There is another way if you don't have a bandsaw and disc sander. You will still need a shape of material "rough" cut to fit into the opening. Then follow these instructions using Bondo to fill in around the gaps between the edges of the throat and the rough shape. Let it harden and block sand the surface to make a smooth template.

http://www.rockler.com/how-to/poor-mans-router-table-insert-template/


----------



## peridigm (Dec 29, 2014)

Armchair Bronco said:


> Unfortunately, the insert was warped beyond repair or I would have tried this myself. The throat plate was completely wedged in the saw, and the only way to get it out was to break it, so it's a complete loss that's now in 4 pieces.
> 
> I've done a bit more research, and I've found a few references to warping and random breakages. Maybe the pot metal used to make the OEM inserts had a bad batch.

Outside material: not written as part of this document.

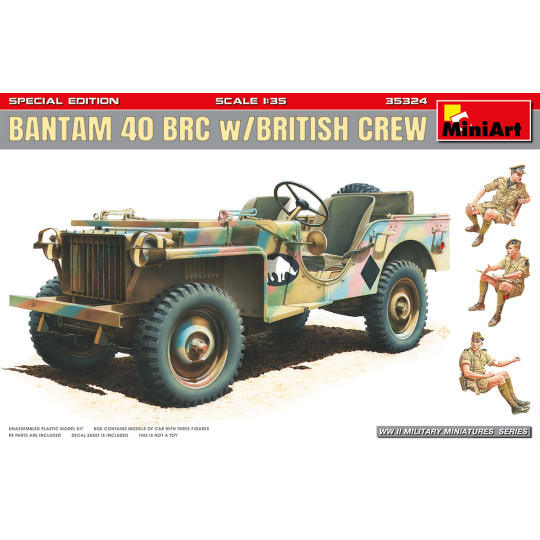 Camion Jeep Bantam 40 BRC + Equipage maquette 1/35 MINIART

At least I'm not alone.
> 
> The zero clearance inserts look like a nice addition. But I still want to have a pre-fabricated metal insert as well.


The only time I use my original Delta insert is if I'm tilting the blade. A zero clearance insert is so much better. I bought blanks from Amazon made from a white plastic material. Don't know what the name of it is but it's specifically for table saw inserts. You can buy 3 of them for the price of the original and have a zero clearance for dado and tilting as well.


----------